* [THE PROBLEM]:
Your reply must hold the lines from the one containing "Obálka – Petr Kachna" to the end of the entries, copied exactly, with pictures excluded.

* [MATERIAL PROVIDED]:
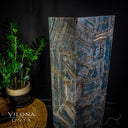 Argentina Blue Onyx Rectangle #3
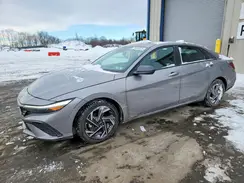 KMHLM4DG6SU933148 2025 HYUNDAI ELANTRA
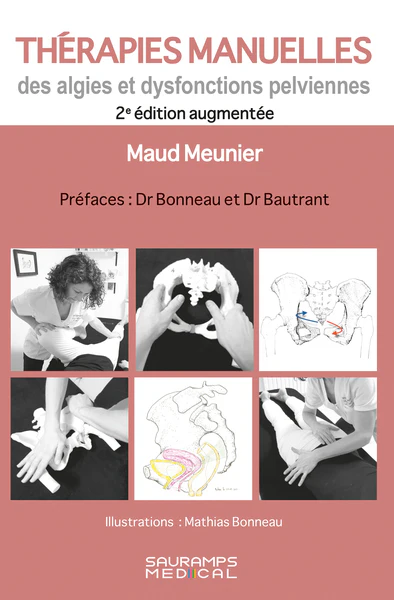 Thérapies manuelles des algies et dysfonctions pelviennes 2ed - Image 2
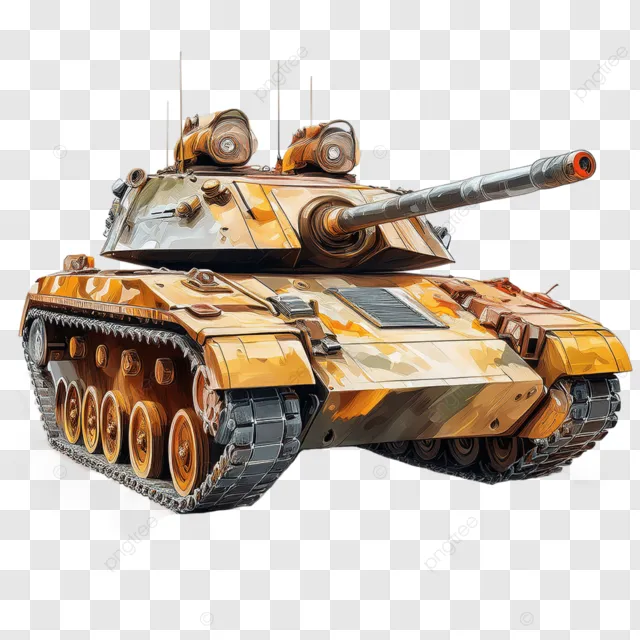 Tanks Anarchy LP+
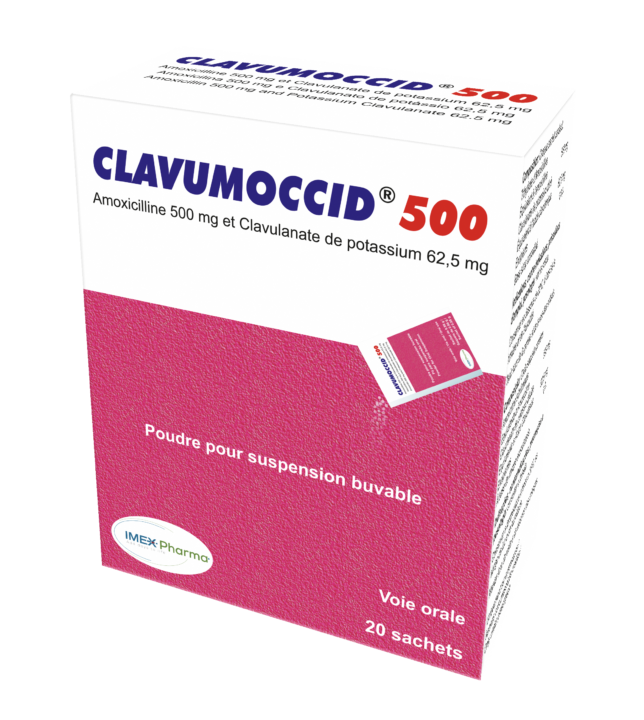 Amoxil 500mg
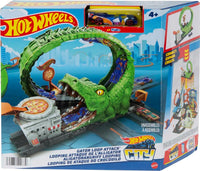 HKX39 Crocodile Attack Racetrack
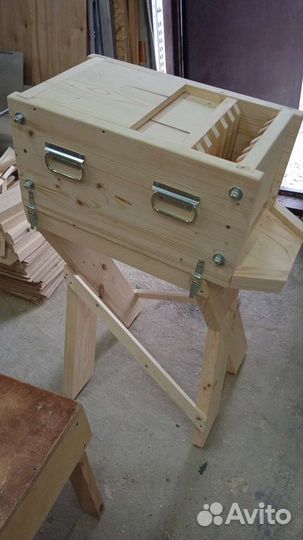 Пресс для мёда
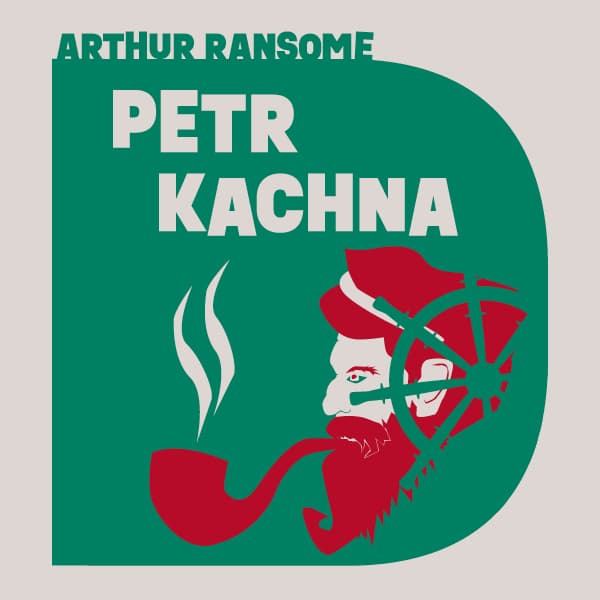 Obálka – Petr Kachna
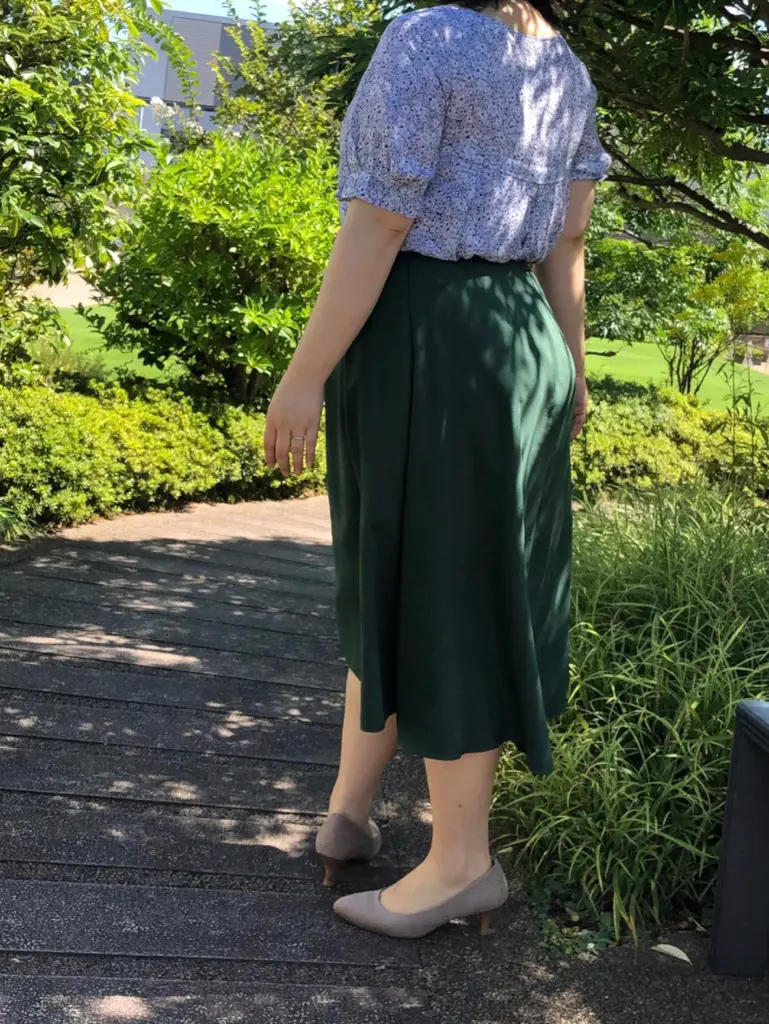 組曲 L 後藤 コーディネート画像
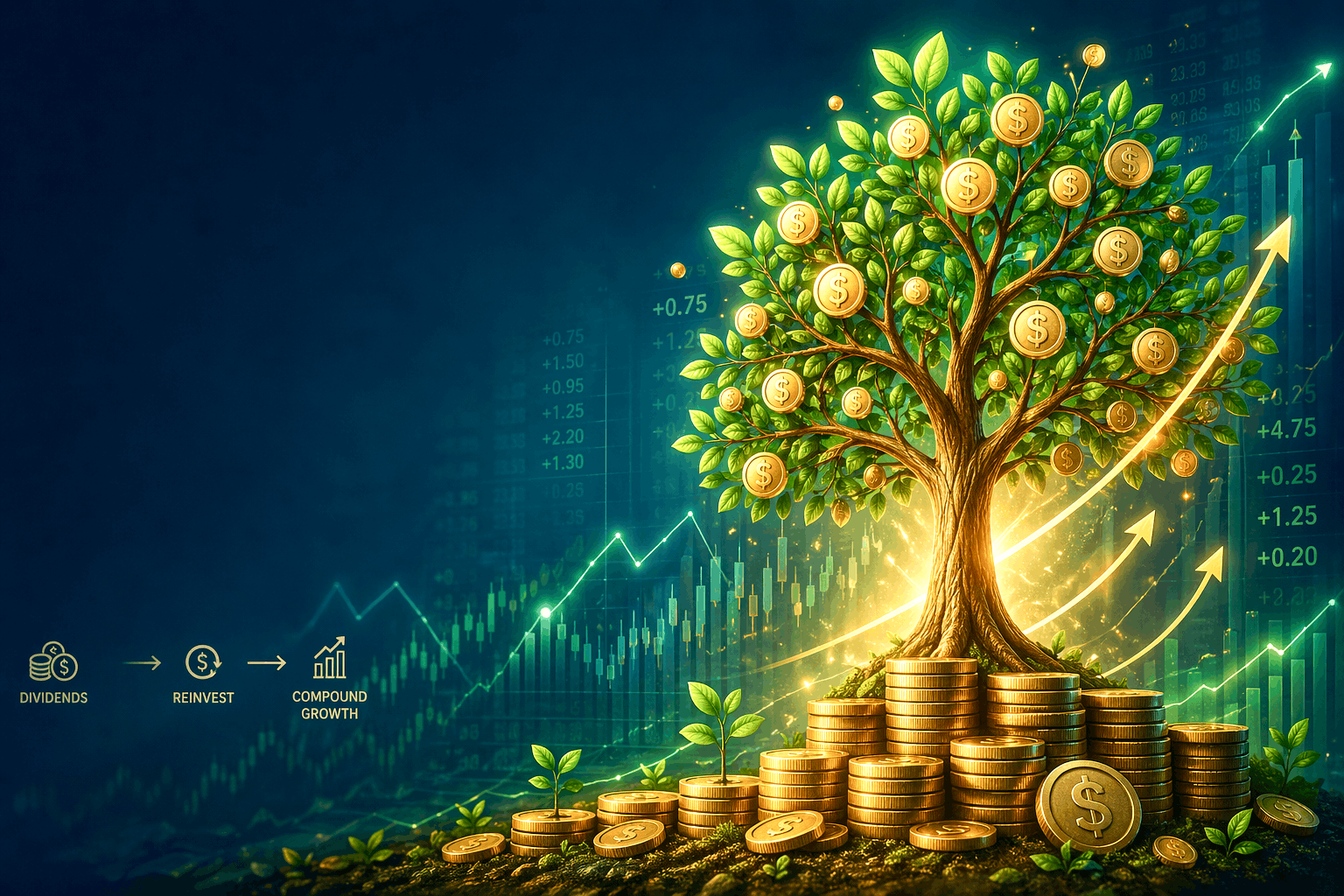The Smartest Compounding Strategy Most Investors Are Ignoring.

* [RESPONSE]:
 Obálka – Petr Kachna
 組曲 L 後藤 コーディネート画像
The Smartest Compounding Strategy Most Investors Are Ignoring.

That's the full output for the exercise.